Entre os principais impasses relacionados à hospedagem em Belém durante a COP30 está a controvérsia sobre quem deve arcar com os custos de subsídio às delegações de países pobres e de nações insulares. Segundo reportagem do Valor Econômico, a questão envolve a ONU e o governo brasileiro, que divergem sobre a responsabilidade de cobrir as despesas diante dos preços elevados praticados pela rede hoteleira e por proprietários de imóveis na capital paraense.

A ONU paga diárias às delegações por meio da International Civil Service Commission, que fixa valores específicos por cidade. Para Belém, o reembolso estabelecido é de US$ 144. Se a conferência fosse realizada no Rio de Janeiro ou em São Paulo, os valores seriam, respectivamente, de US$ 229 e US$ 234. Países com menos recursos pressionam pela elevação desse montante, demanda apoiada pelo Brasil. No entanto, o secretariado da Convenção do Climafoi além e solicitou ao governo brasileiro que subsidiasse parte da hospedagem.

A secretária-executiva da Casa Civil, Miriam Belchior, foi categórica ao negar essa possibilidade.

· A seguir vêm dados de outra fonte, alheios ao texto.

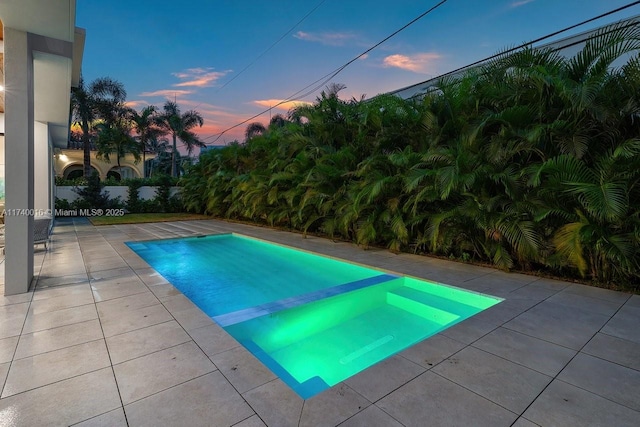 pool at dusk featuring a patio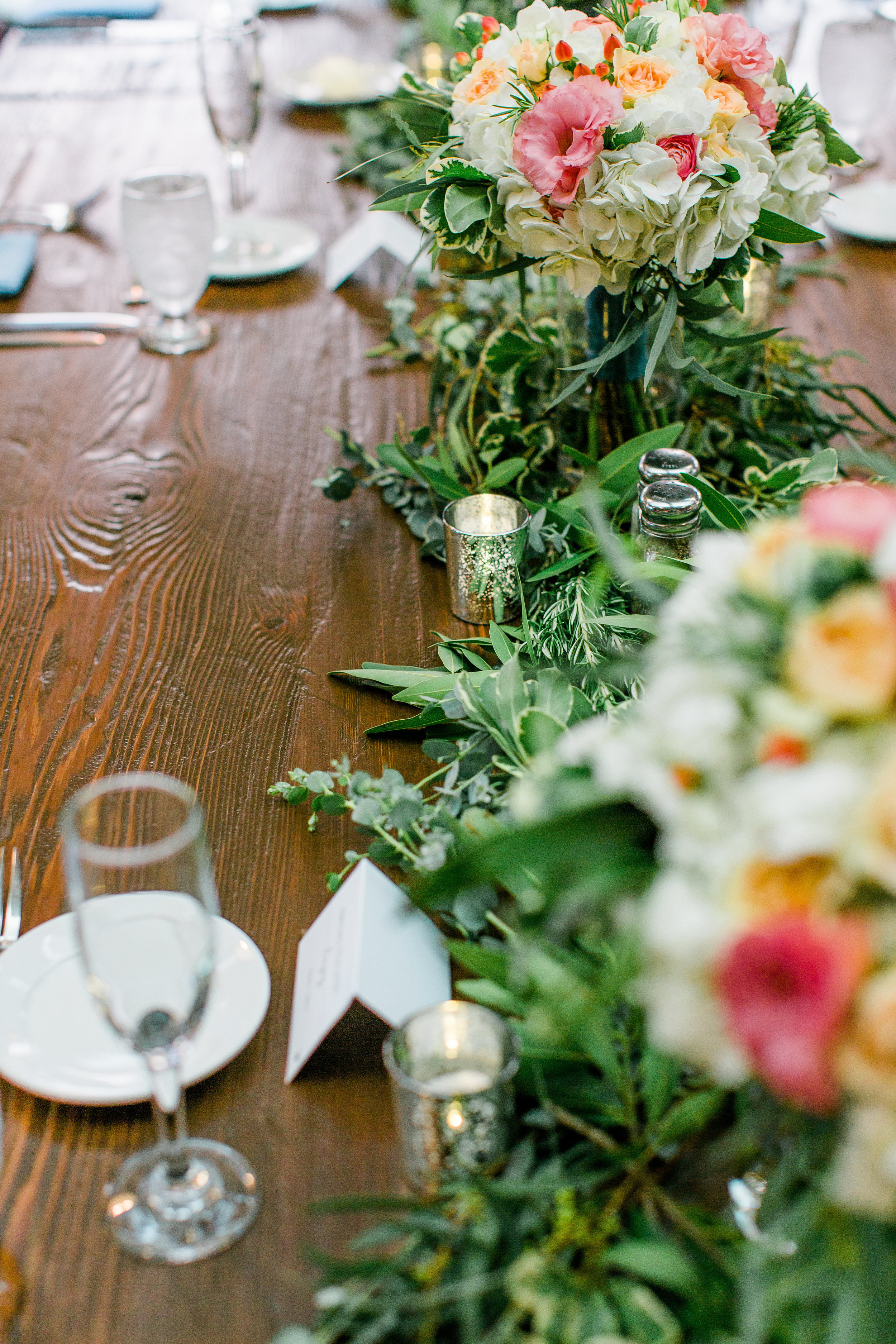 Rustic Minneapolis wedding tablescape with floral garland Minnesota wedding photography Mallory Kiesow Photography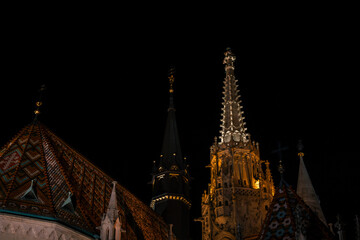 Fisherman's Bastion in Budapest illuminated at night. The historic structure features turrets and arches, surrounded by a quiet plaza. © VasylisaDvoichenkova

Após a reunião do Bureau da UNFCCC, em Brasília, ela declarou: “O governo brasileiro já está arcando com custos significativos para a realização da COP30 e por isso não há como subsidiar delegações de países, inclusive de países mais ricos que o Brasil. Do ponto de vista brasileiro, não cabe aos brasileiros subsidiarem outros países.”

Belchior destacou que qualquer redução artificial nos preços da rede hoteleira — por exemplo, de US$ 600 para US$ 500 — sairia diretamente dos contribuintes brasileiros. Para ela, o caminho é buscar alternativas.

“Acho que temos um desafio conjunto de conseguir outras fontes que possam eventualmente ajudar esses países, mas dissemos que o governo brasileiro não ia poder subsidiar a hospedagem.”
Em carta enviada ao Brasil, a UNFCCC pediu explicitamente que o país garantisse US$ 100 diários para delegações de nações menos desenvolvidas e insulares, sem limite de participantes. Belchior rebateu:

“Falamos claramente que o Brasil não tem condição, mas se existe esta proposta de a ONU pagar mais a contribuição, se em qualquer outra cidade do mundo eles pagariam, por que não pagam em Belém?”

Ela ainda frisou que o governo apoia a demanda dos países membros para que a ONU adote o mesmo patamar de diárias praticado em outras cidades brasileiras, mas reiterou que o recurso não poderá vir do Tesouro Nacional.